Diante de tudo isso, Renan
nem deveria ter lançado sua candidatura. Tendo lançado, deveria tê-la retirado.
Não tendo retirado, deveria ao menos deduzir que a maioria dos senadores lhe
dera um aviso sério de que sua candidatura estava liquidada, na prática, quando
decidiram que a eleição deveria ser feita com voto aberto. Mas não. A raposa
agonizante resolveu pedir proteção ao Supremo e conseguiu, de fato, preservar o
voto secreto — acreditava, junto com os ases da observação política nacional,
que, podendo esconder seus votos, os senadores que não queriam votar nele
passariam a querer. Não adiantou nada, é óbvio. Se os eleitores têm vergonha de
votar em você, não há mais nada a fazer nos dias atuais: peça para sair, porque
a sua candidatura foi para o saco. Mas a vida real anulou em dois minutos a
decisão do STF. Os adversários
anunciaram que iriam declarar em voz alta em quem votariam e, com isso,
forçaram todos a fazer o mesmo. Fim do jogo. Renan acabou tendo uma soma de cinco votos, derrotado por um
senador principiante do Amapá do qual ninguém jamais tinha ouvido falar.
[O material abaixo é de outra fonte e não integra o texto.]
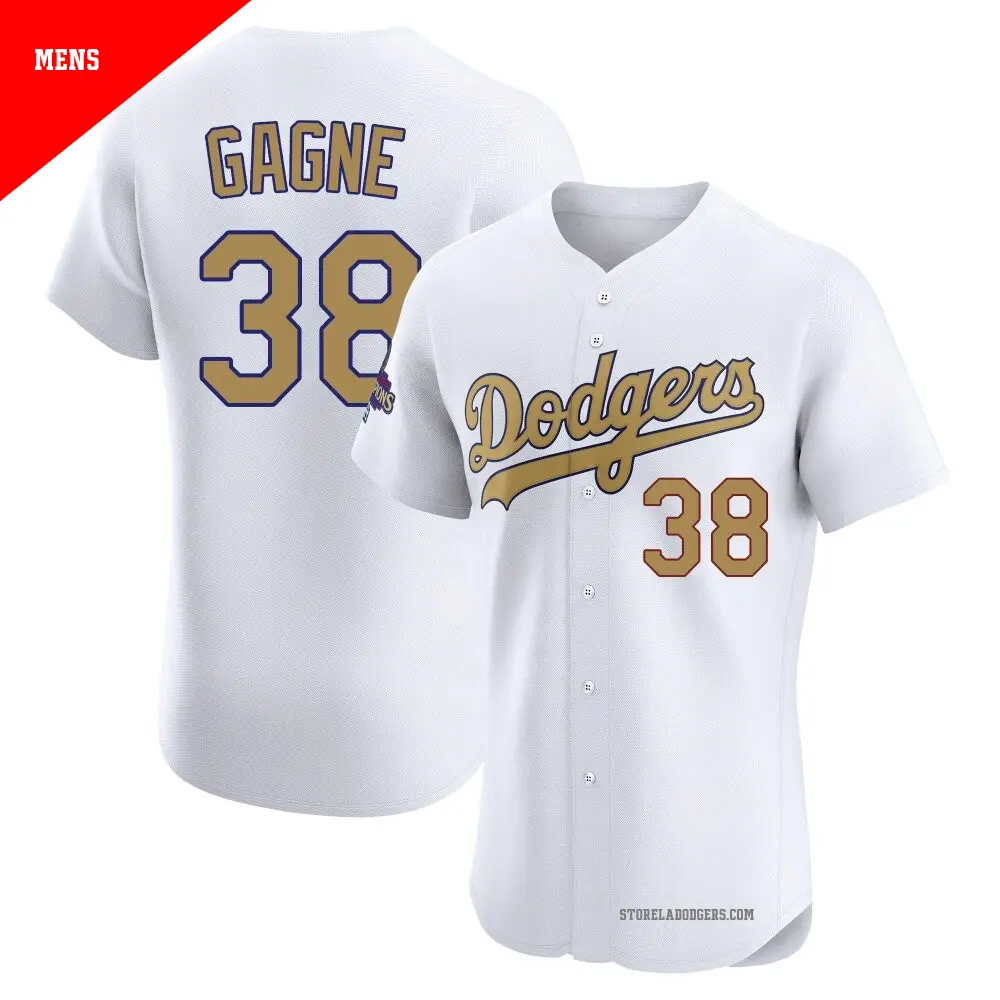 Men's ＃38 Eric Gagne Los Angeles Dodgers Gold Elite White 2025 Collection Jersey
O que interessa, uma vez terminada essa comédia, não são os
finíssimos cálculos de engenharia política em torno da eleição, as desculpas
miseráveis dos autores das previsões erradas ou os habituais atos de delinquência
praticados nessas ocasiões, como o delito de furto cometido pela senadora
dilmo-renanzista Katia Abreu, que
achava que roubando um documento da mesa iria “virar o jogo” para Renan. O que interessa é que o Renan Calheiros que podia tudo não
existe mais. Acabou-se para ele o conforto de ignorar dez anos de acusações de
peculato, uso de notas frias, corrupção passiva, criação de boiadas mágicas e
por aí afora, em uma dúzia de processos no STF
— o melhor que pode lhe acontecer, agora, é não ir para a cadeia.
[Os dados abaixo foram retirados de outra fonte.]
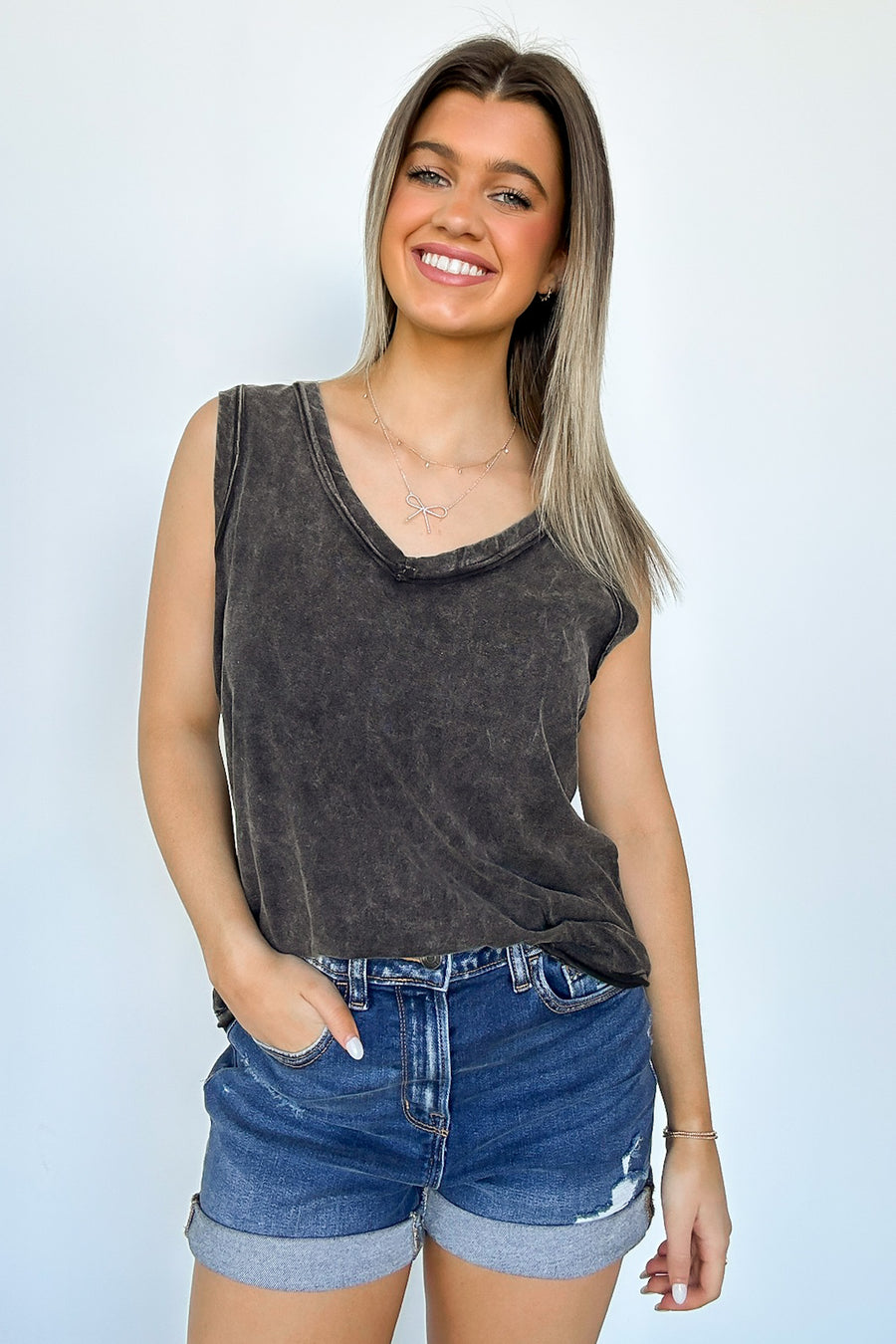 Ash Black / S Rima Mineral Wash Flowy Tank Top - Madison and Mallory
Sumiu do mapa, em suma, o Renan todo-poderoso de Fernando
Henrique, de Lula e de Dilma. Continua aí, claro, e os mesmos
que previam sua vitória profetizam agora que ele será um “problemaço” para o
governo — revoltado com a derrota, vai se vingar melando “as reformas”. Mas é
apenas outra ilusão. Renan nunca
mais vai presidir coisa nenhuma. Não manda em nada. Não tem a caneta de
presidente do Senado e, portanto, não pode distribuir verbas, empregos e outros
negócios em troca de poder. Sem caneta, vira um eunuco político — e isso faz
diferença, sim, para o país.
A derrocada de Renan Calheiros oferece mais uma oportunidade
para entender outra realidade deste Brasil que está mudando — a agonia, morte e
enterro, como força política, da esquerda nacional e do seu líder nos últimos
trinta anos. É uma realidade normalmente ignorada, mas ignorar que 2 mais 2 são
4 não faz nenhuma diferença; a soma continua sendo 4. Nada combina tão bem
essas duas decadências quanto a mais recente quimera cultivada pelo Complexo
Lula-PT-PSOL-MST-etc. Acredite se quiser, eles achavam que Renan, hoje seu principal amigo de fé,
irmão e camarada, iria formar ao redor de si um fortíssimo “polo de poder
alternativo” no Brasil, e que esse prodígio seria capaz de enfrentar o “governo
fascista” e dar, afinal, os músculos políticos de que a “resistência” tanto
precisa.
Como Lula e seu sistema de
apoio puderam acabar dando nisso? Resposta: pela obsessão por tomar decisões
erradas, escolher companhias ruinosas, de Marcelo
Odebrecht a Sérgio Cabral, e
recusar-se a admitir o mínimo erro. Por culpa unicamente de suas decisões, e
não de “golpes” imaginários, das “elites” ou da CIA, Lula virou uma espécie de rosca sem fim. Ele e o “campo
progressista” se meteram num enrosco esquisito: quanto mais perdem, mais
esforço fazem para perder de novo. Seu lema, hoje, parece ser: “Derrota ou
morte”. Ficaram com as duas.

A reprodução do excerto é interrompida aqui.